[Data excerpts]
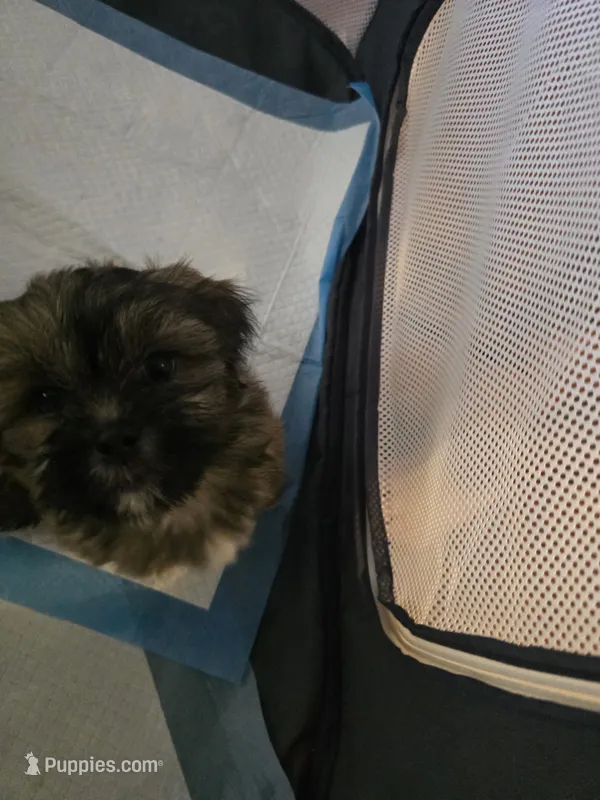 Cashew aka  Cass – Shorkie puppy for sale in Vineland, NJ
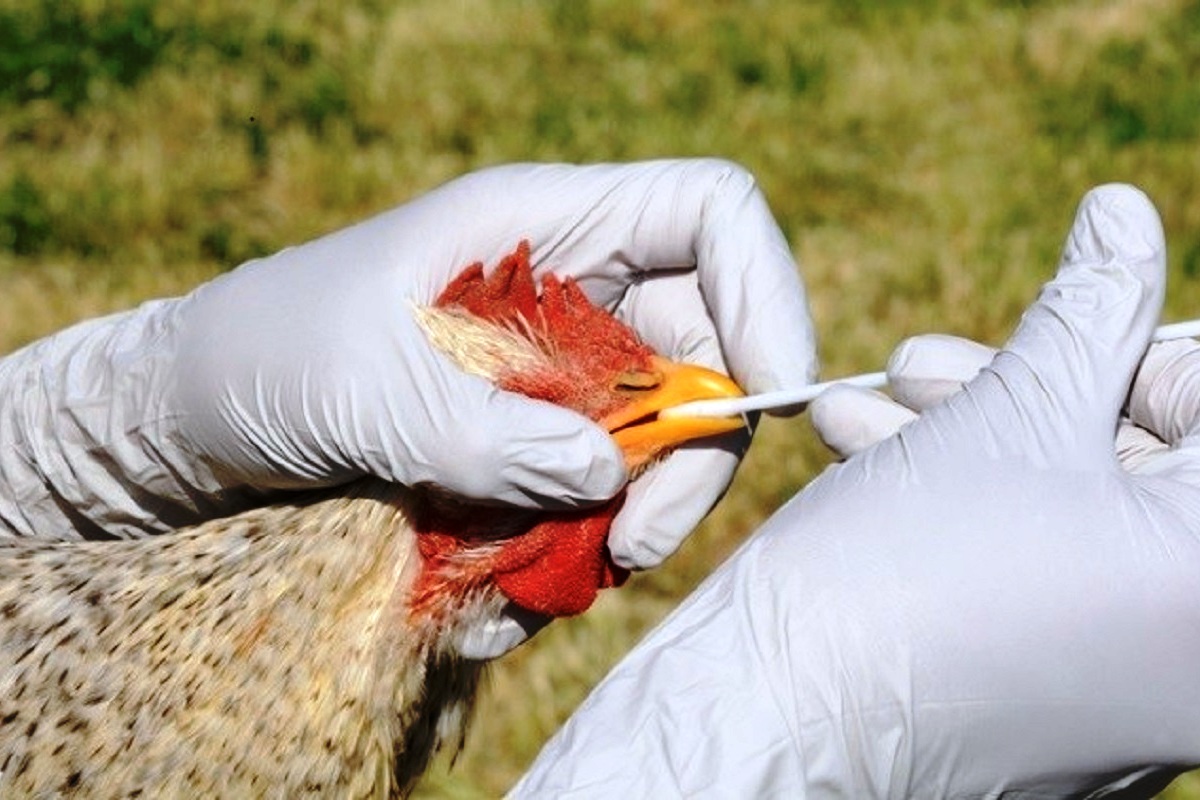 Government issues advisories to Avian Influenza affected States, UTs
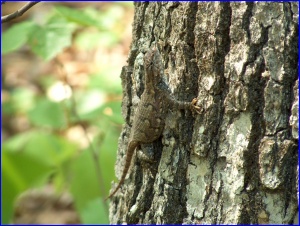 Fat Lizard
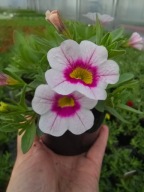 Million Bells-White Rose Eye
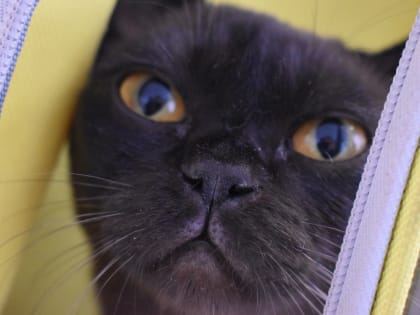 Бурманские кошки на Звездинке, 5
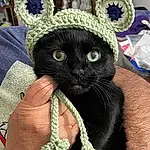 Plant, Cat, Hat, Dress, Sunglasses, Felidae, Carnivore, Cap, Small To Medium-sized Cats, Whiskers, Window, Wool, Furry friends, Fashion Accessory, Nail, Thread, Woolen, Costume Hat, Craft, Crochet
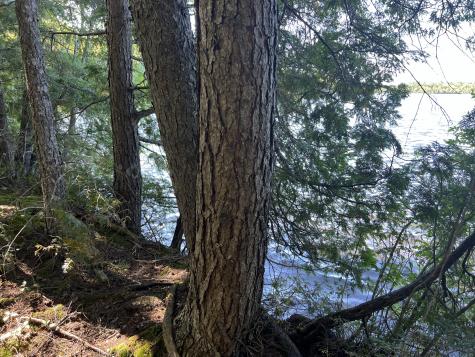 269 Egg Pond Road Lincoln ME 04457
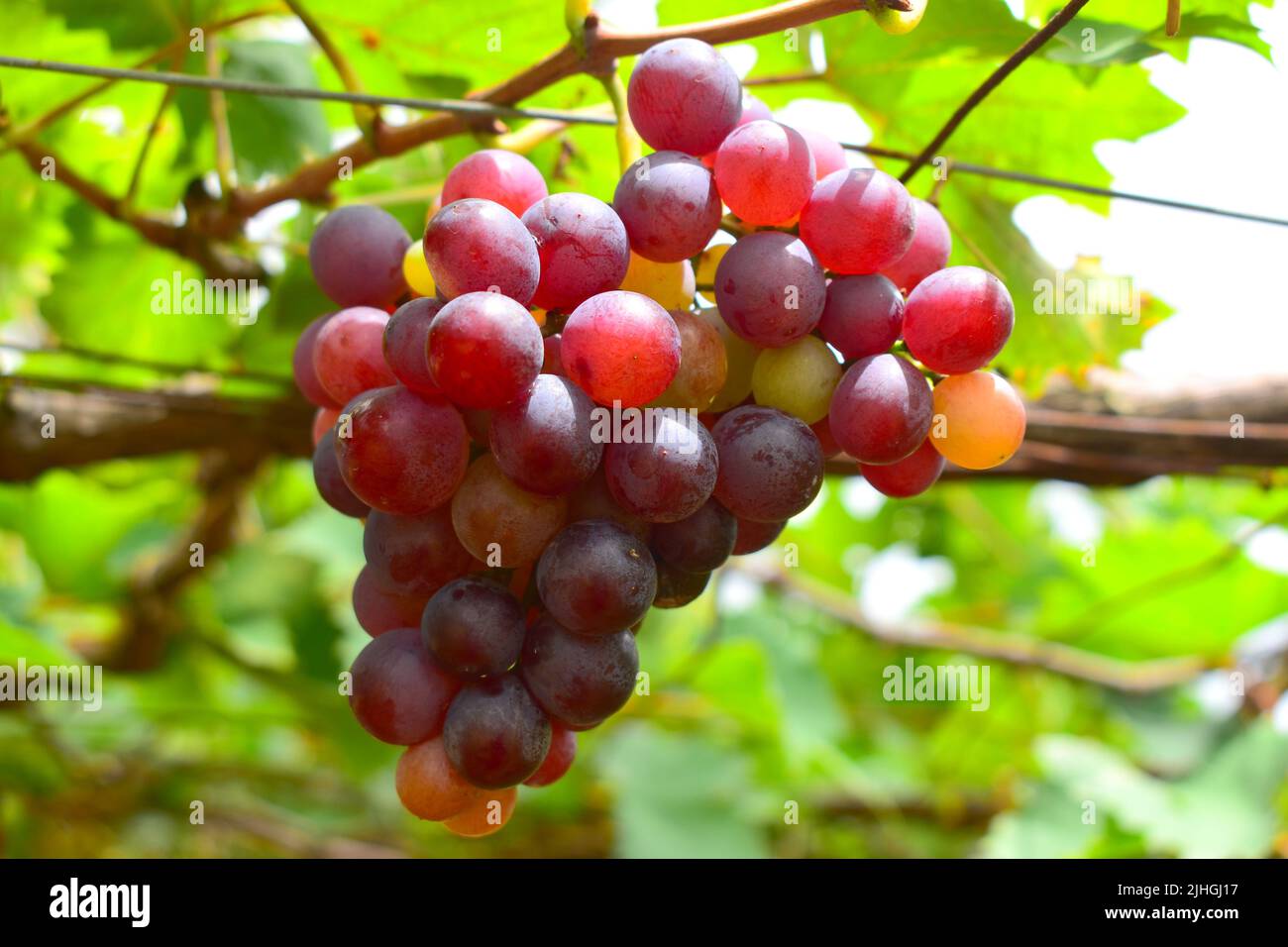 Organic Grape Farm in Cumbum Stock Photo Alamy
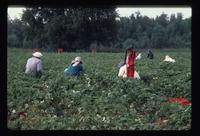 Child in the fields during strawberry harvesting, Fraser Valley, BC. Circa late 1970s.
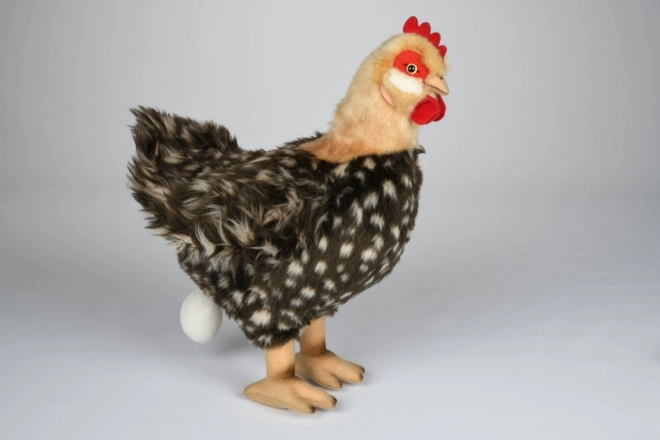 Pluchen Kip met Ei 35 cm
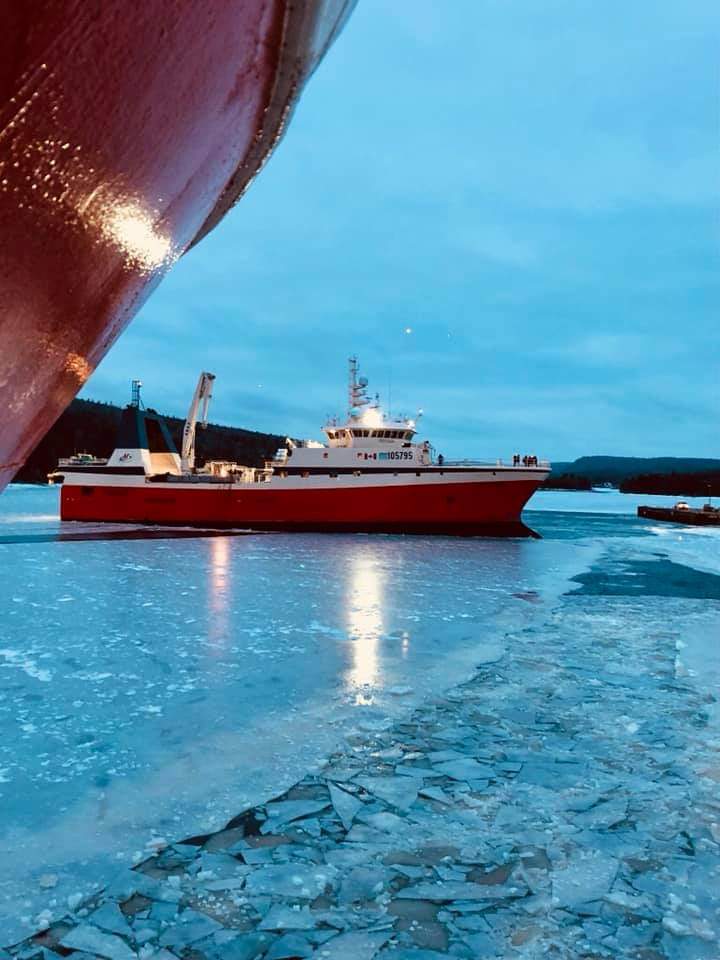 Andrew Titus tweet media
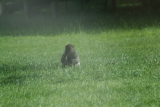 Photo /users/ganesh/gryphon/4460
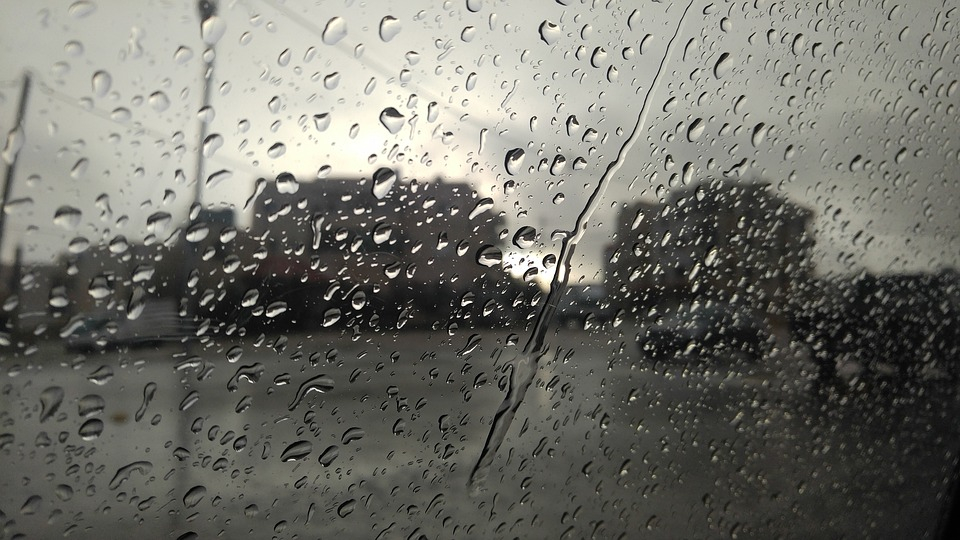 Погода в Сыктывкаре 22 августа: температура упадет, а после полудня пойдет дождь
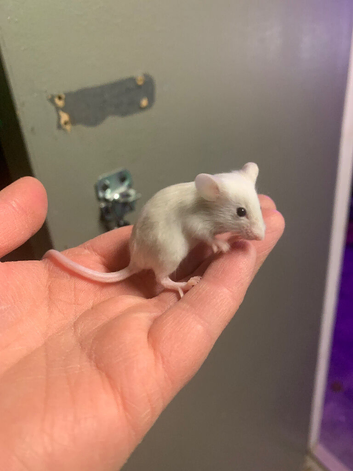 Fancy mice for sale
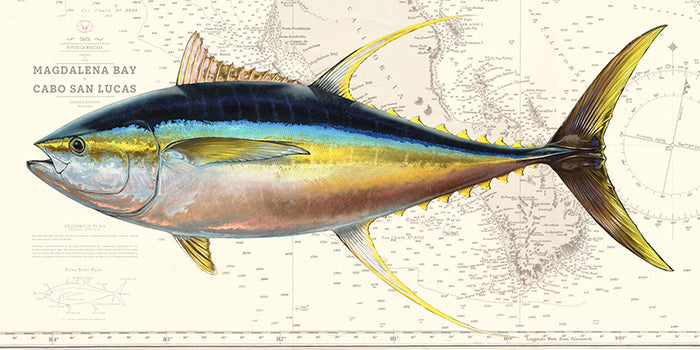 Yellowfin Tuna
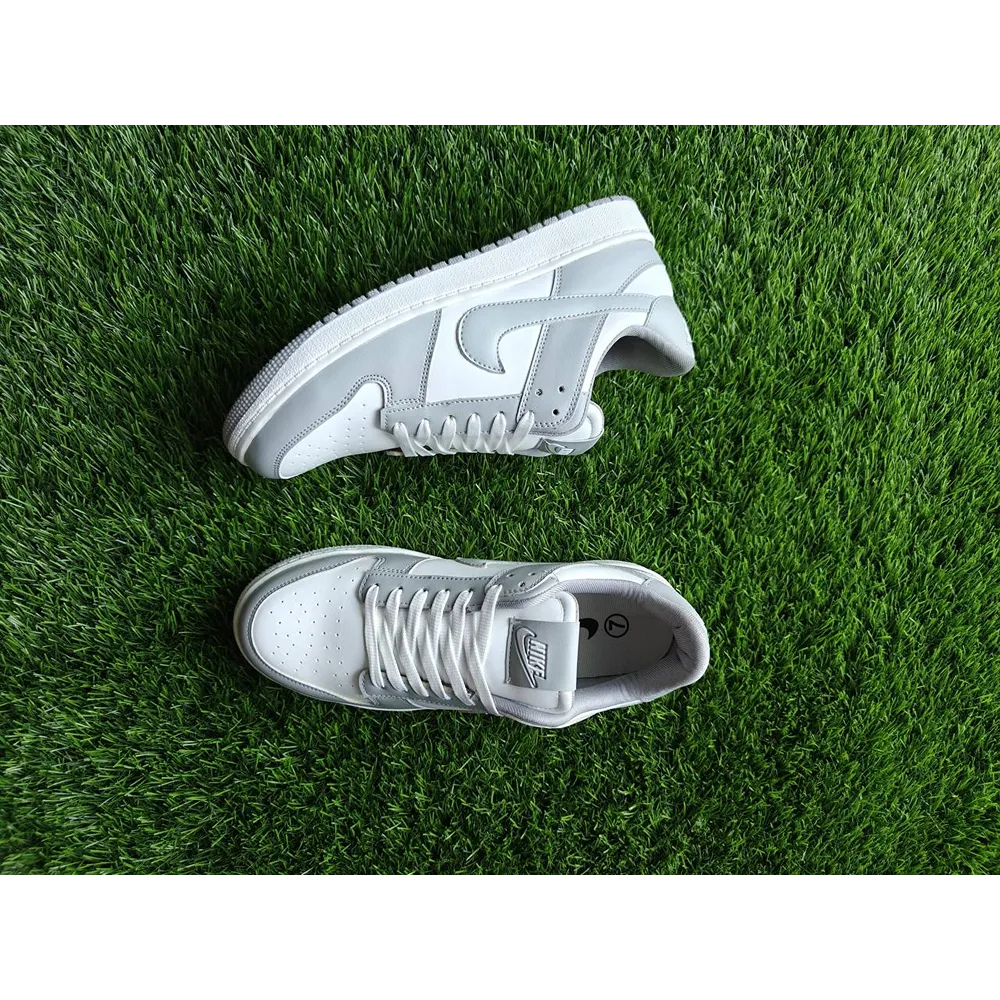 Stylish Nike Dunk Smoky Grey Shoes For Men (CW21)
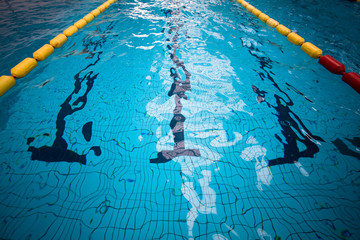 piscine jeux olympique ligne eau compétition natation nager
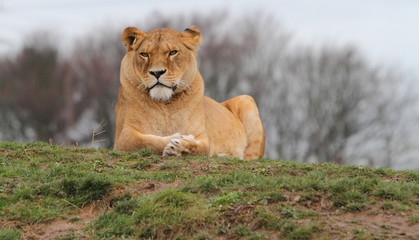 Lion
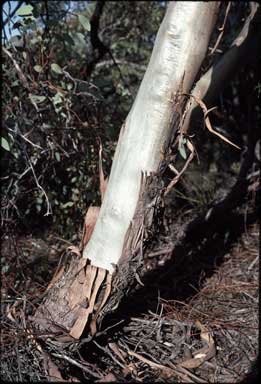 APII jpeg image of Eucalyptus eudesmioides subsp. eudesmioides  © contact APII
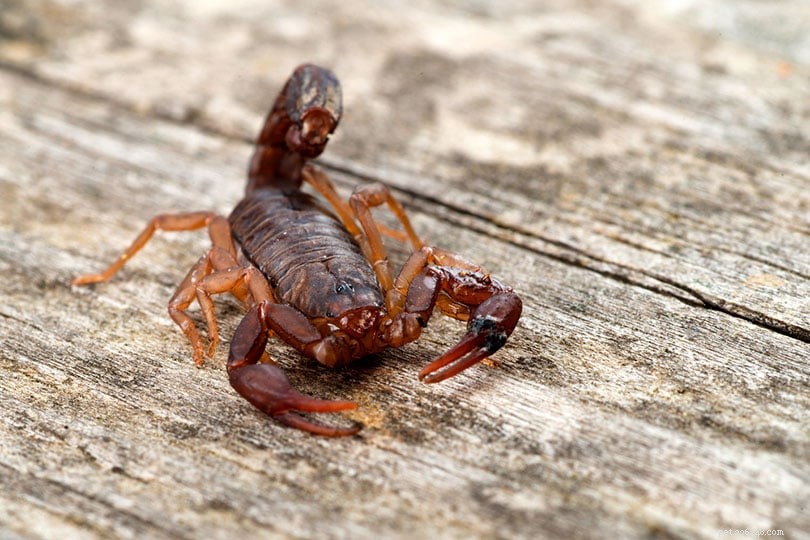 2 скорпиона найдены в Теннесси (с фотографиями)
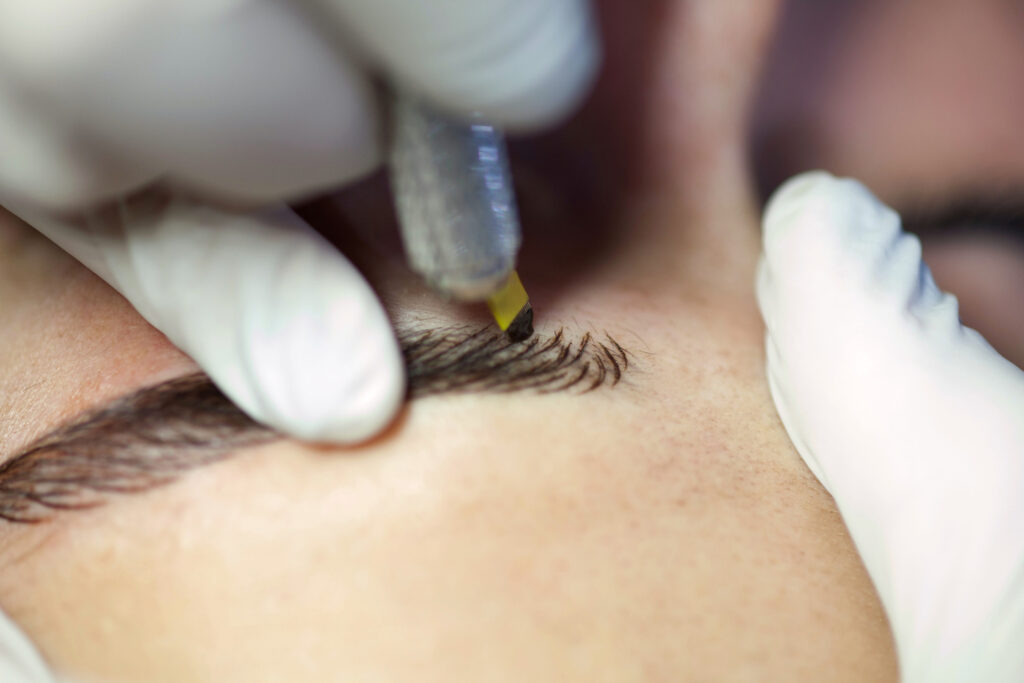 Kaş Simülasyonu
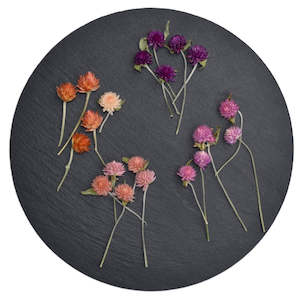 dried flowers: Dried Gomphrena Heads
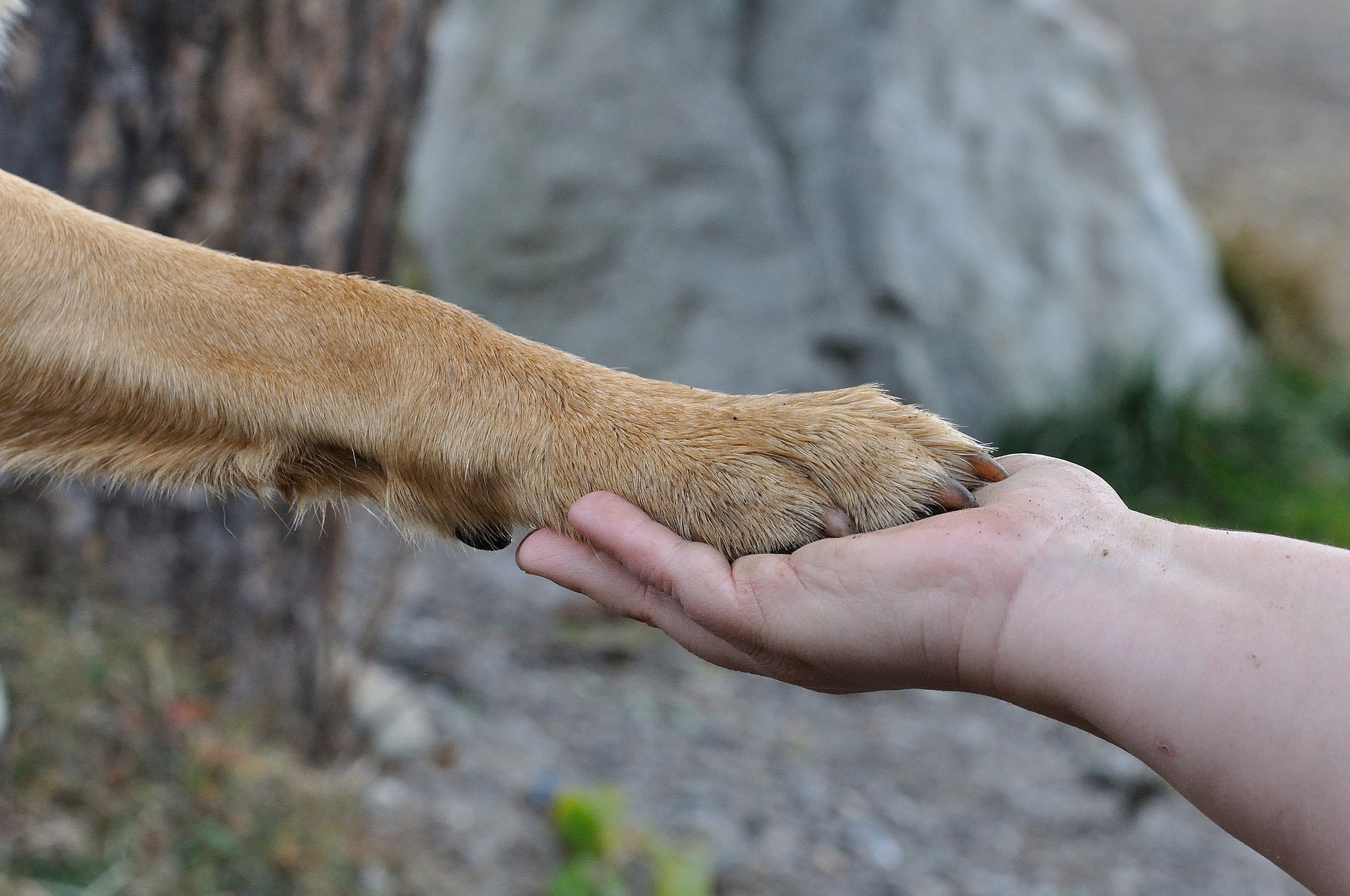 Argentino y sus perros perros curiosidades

[Directions] Please return, without any change, the lines from the line containing "dried flowers: Dried Gomphrena Heads" through the last line of the entries, dropping the pictures.

[Task answer]
 dried flowers: Dried Gomphrena Heads
 Argentino y sus perros perros curiosidades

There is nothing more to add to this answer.